Levothyroxine sodium may increase the required dosage of insulin and other oral antidiabetic drugs. Therefore, careful monitoring of diabetic control is recommended.
Beta-adrenergic blocking agents e.g. propranolol.
These agents may decrease the peripheral conversion of thyroxine to triiodothyronine.
Ion exchange resins e.g. cholestyramine, sodium polystyrene sulphonate or colestipol.
Due to concurrent use of ion-exchange resins with levothyroxine sodium, the effects of levothyroxine sodium may be reduced due to the resin binding to levothyroxine in the gastrointestinal tract, causing a delay or impairment in levothyroxine absorption. An interval of 4 to 5 hours between the administration of the two medications is recommended.
Corticosteroids e.g. prednisolone and dexamethasone.
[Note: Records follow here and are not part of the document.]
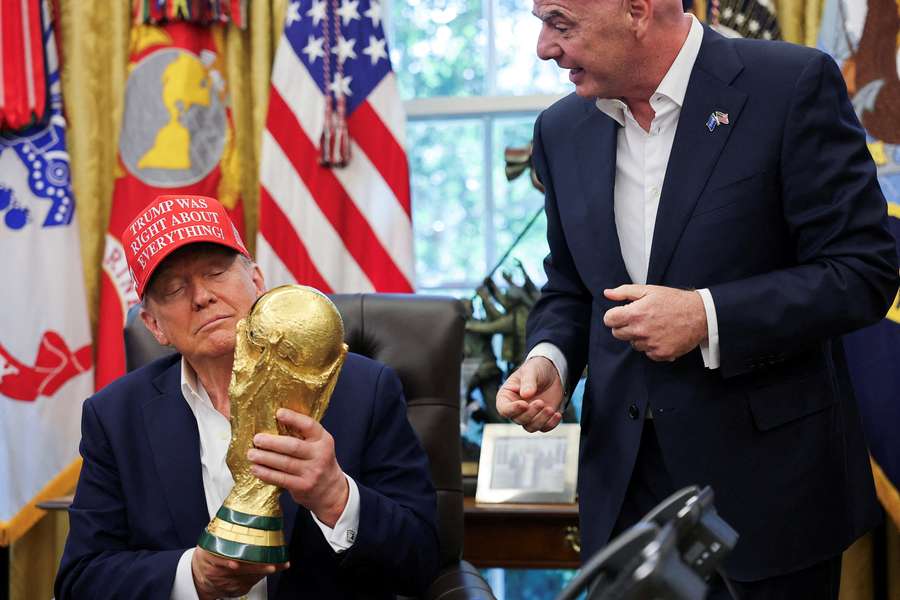 President Donald Trump holds the FIFA World Cup Trophy President Donald Trump holds the FIFA World Cup Trophy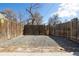 Gravel area in backyard is surrounded by a wooden fence with a small gate and access point at 3147 Umatilla St, Denver, CO 80211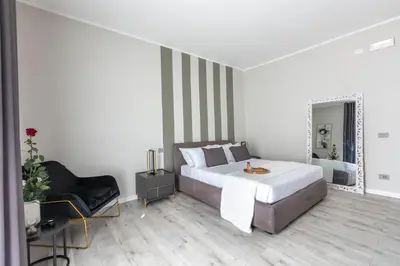 a bedroom with a bed and a chair and a mirror at Hotelleria Prestige in Rome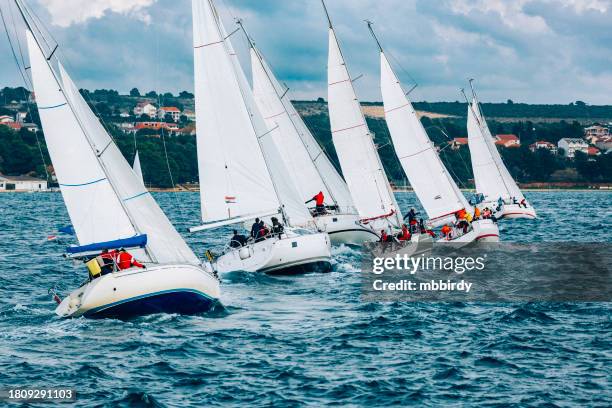 sailing crews on sailboats on regatta - sailing competition stock pictures, royalty-free photos & images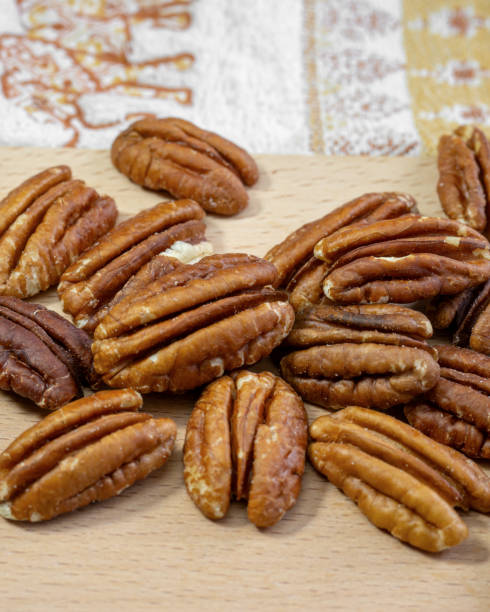 istock Pecan nuts on a wooden table close up 2197621650
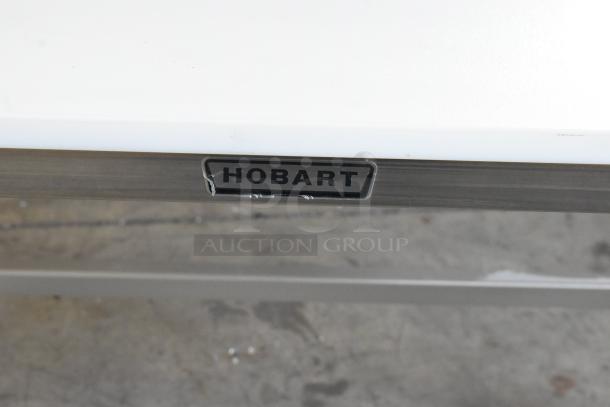 Hobart HRT5 stainless steel commercial roller conveyor wrapping station, features robust construction, visible Hobart logo.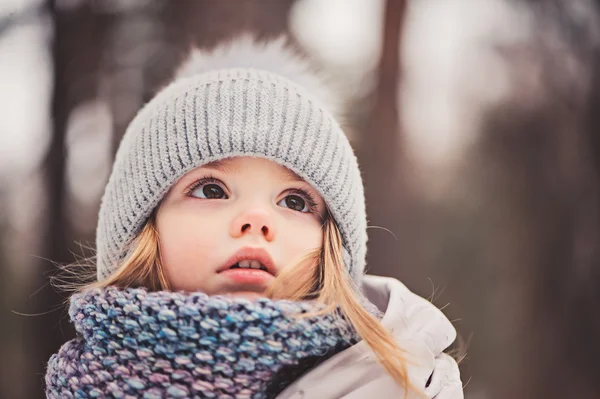 Winter portret van schattige babymeisje buiten wandelen in besneeuwde woud in warme outfit — Stockfoto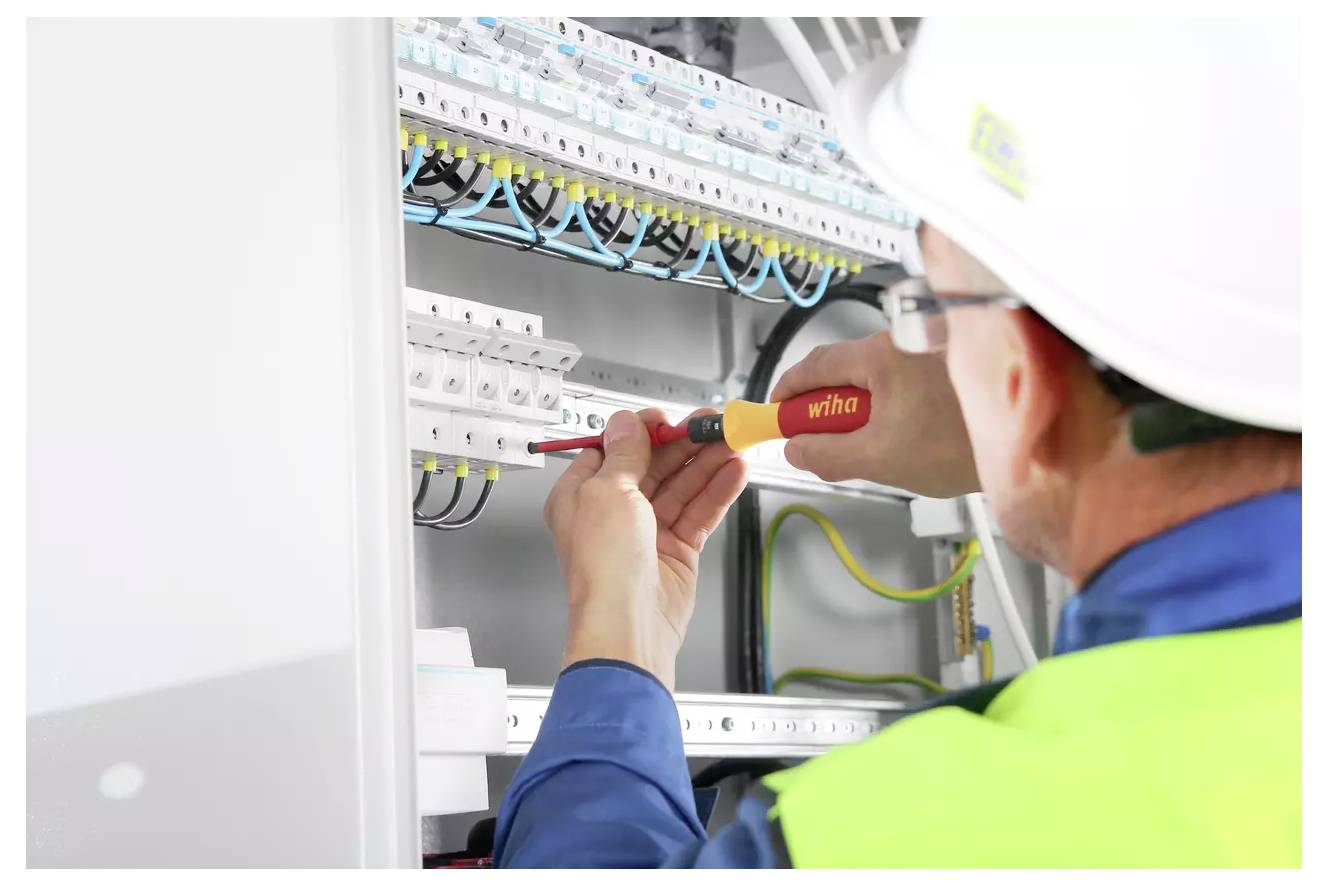 Ein Elektriker, der einen Schutzhelm und eine Sicherheitsweste trägt, benutzt einen Schraubendreher, um die Verdrahtung in einem Schaltschrank zu justieren.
The clearance of corticosteroids may be increased in hyperthyroid patients and decreased in hypothyroid patients solely due to the administration, changes in dosage and discontinuation of levothyroxine sodium. Therefore, corticosteroid dosage may need to be adjusted.
Oestrogen.
In patients with a non-functioning thyroid gland, oestrogen may increase the serum thyroxine-binding globulin, therefore generating an increase in levothyroxine sodium requirements.
Antiepileptics e.g. phenytoin, carbamazepine and barbiturates.
These agents may increase the hepatic degradation of levothyroxine sodium, therefore resulting in an increase in levothyroxine requirements.
Ritonavir.
Ritonavir may interact with levothyroxine sodium, therefore resulting in an increase in levothyroxine requirements.
Antimalarials.
The combined use of chloroquine and proguanil may increase the hepatic degradation of levothyroxine sodium, therefore resulting in an increase in levothyroxine requirements.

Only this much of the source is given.